The recent $12.5 million gift from the Menschels—longtime supporters of HSPH—establishes the Transforming Public Health Education Initiative, which enables the School to develop innovative teaching methods, train faculty, harness new educational technologies, and highlight fieldwork and experience-based learning.

The gift to the HSPH campaign will underwrite faculty efforts to infuse the educa­tional experience at HSPH with more case-based and field-based “real world” learning. It will accelerate the move toward “flipped classrooms,” in which lectures are delivered online, thereby freeing class time for back-and-forth discussion and a focus on the kind of problem solving that students will encounter in their careers. And it will help the School update its master’s degree program for health professionals and create a new Doctorate of Public Health (DrPH) degree.

“We support Harvard School of Public Health with our philanthropy because we believe in the importance of public health and the opportunity to expand the knowledge and skill sets of future public health leaders through the use of technology and case studies,” said Ronay Menschel.

Added Richard Menschel, “Improving learning leads to better-prepared students who can more successfully address the major public health issues facing the world today.”

The Menschels have made HSPH one of their top philanthropic priorities for more than 20 years. Since 1989, they have made gifts in general support of the School’s efforts, as well as in focused areas such as health communications; AIDS, cancer, and infectious diseases research; and improving the humanitarian response to emergencies around the world.

In another gift, the Menschels have provided $2.5 million for Ariadne Labs, a joint initiative of HSPH and Brigham and Women’s Hospital headed by HSPH’s Atul Gawande, to improve health systems performance globally.

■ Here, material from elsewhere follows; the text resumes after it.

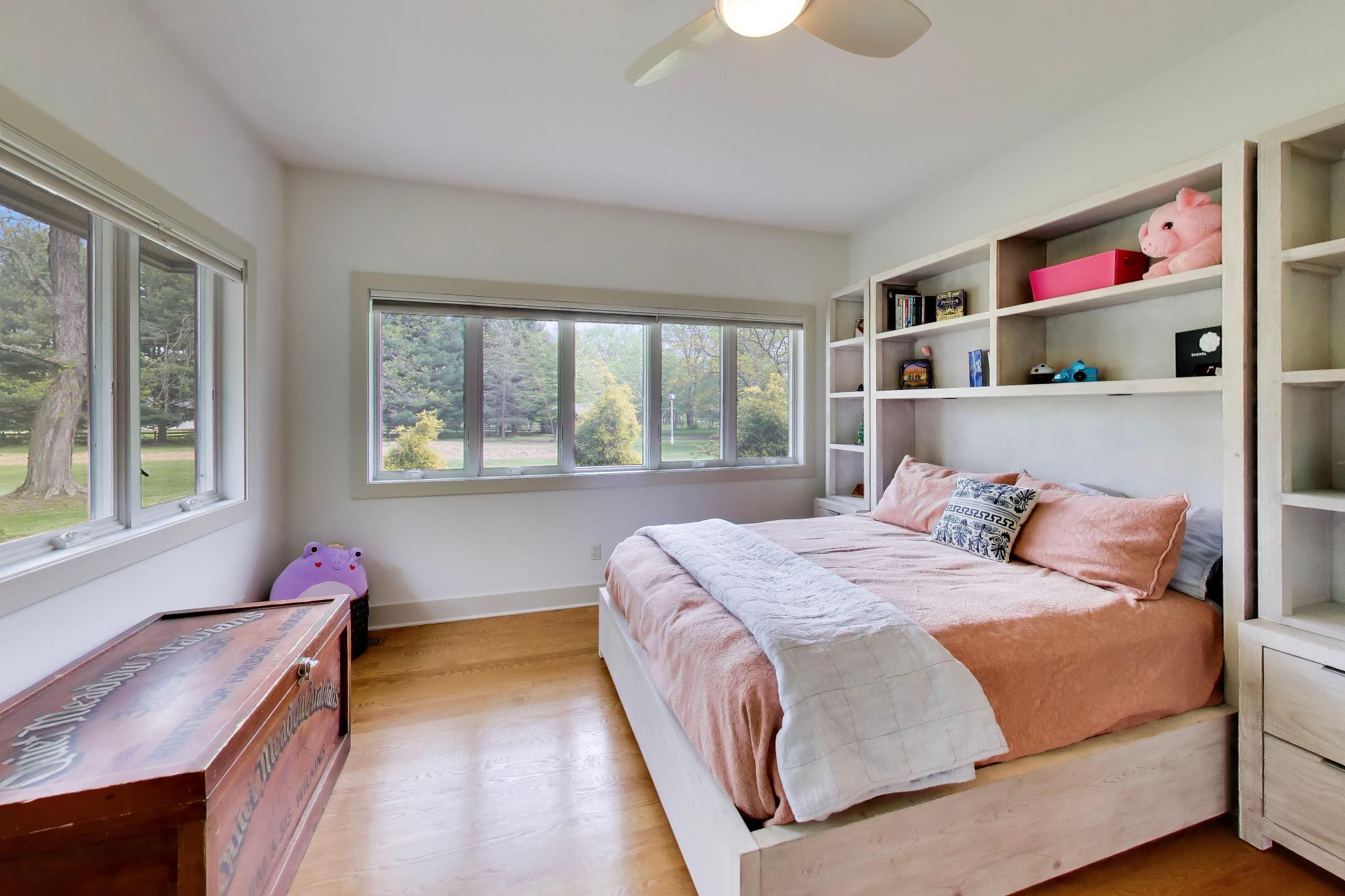 5499 Topanga Drive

The Menschels have also established key professorships and fellowships at the School. The Richard L. and Ronay A. Menschel Senior Leadership Fellows Program, launched in 2012, brings high-level leaders in government, nonprofits, and journalism to HSPH for three months to share their expertise. The Horace W. Goldsmith Fellowships—for which six students are chosen each year to receive $20,000 on the basis of need and merit—were established with support from the Menschels in 2007.

Professorships endowed by the Menschels include the Harvey V. Fineberg Professorship of Public Health, established in 2005 in honor of the former dean of the School and Harvard provost, which is currently held by professor of biostatistics Nan Laird; and the Richard L. Menschel Professorship in Public Health, created in 2011 and held in tandem with the director­ship of the Division of Policy Translation and Leadership Development, and currently held by Robert Blendon, senior associ­ate dean for policy translation and leadership development.

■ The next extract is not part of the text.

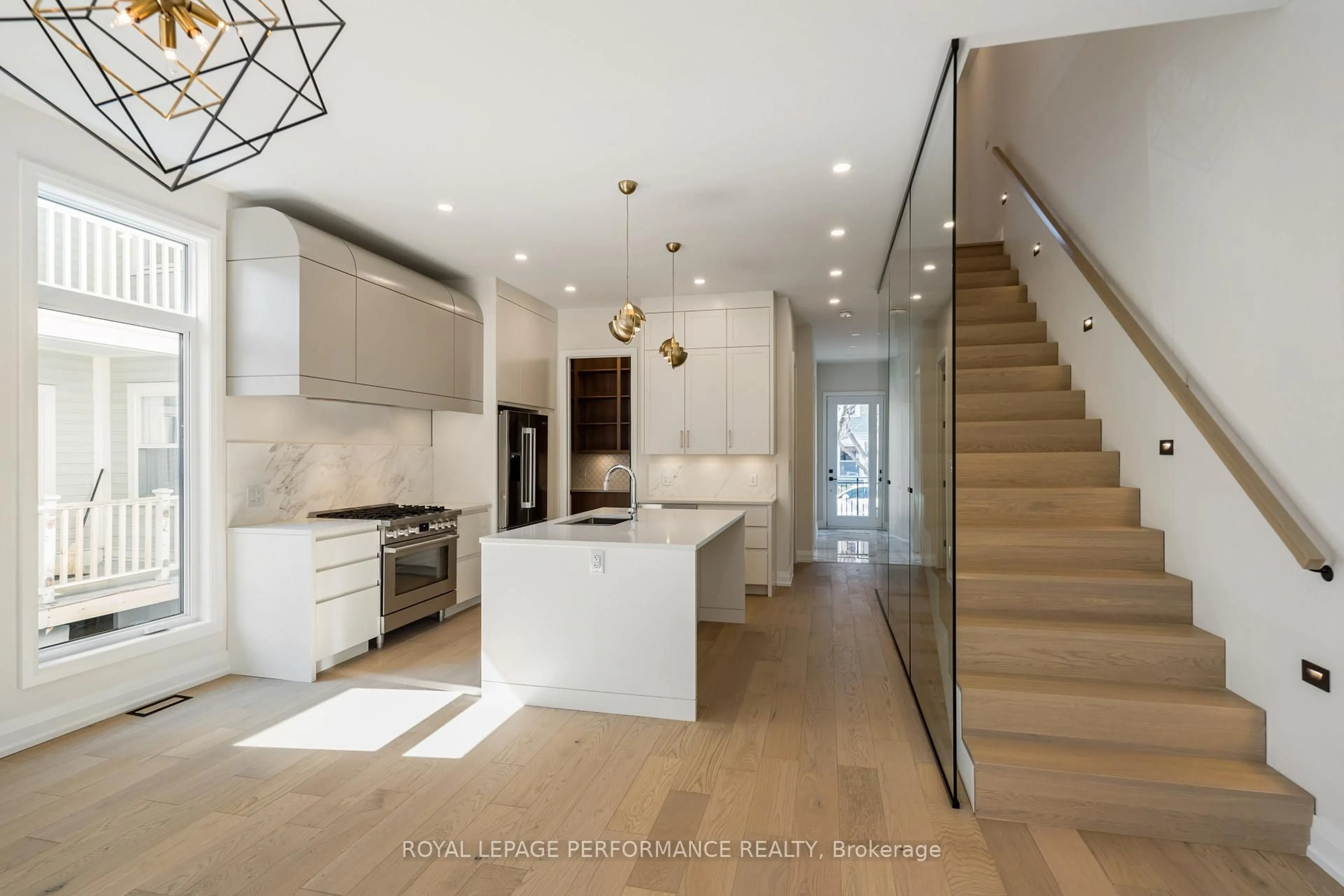 Open concept kitchen, unknown for 31 Commanda Way, Ottawa Ontario K1M 1G1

Richard and Ronay Menschel reside in Manhattan, where Richard is a senior director at Goldman Sachs and Ronay serves as chairwoman of Phipps Houses and The Trust for Governors Island. Over the years, the Menschels have shared their generosity with several Harvard schools and programs. Richard Menschel has also held many leadership roles with Harvard, including national co-chair of the Harvard University Campaign from 1992 to 1999, service on the University Campaign Execu­tive Committee, and honorary co-chair of the forthcoming HSPH Capital Campaign. He is a recipient of the Harvard Medal.

Richard Menschel sees his gifts to HSPH as long-term investments with wide repercussions. “Better educated public health leaders,” he said, “have the capacity to improve the health of us all.”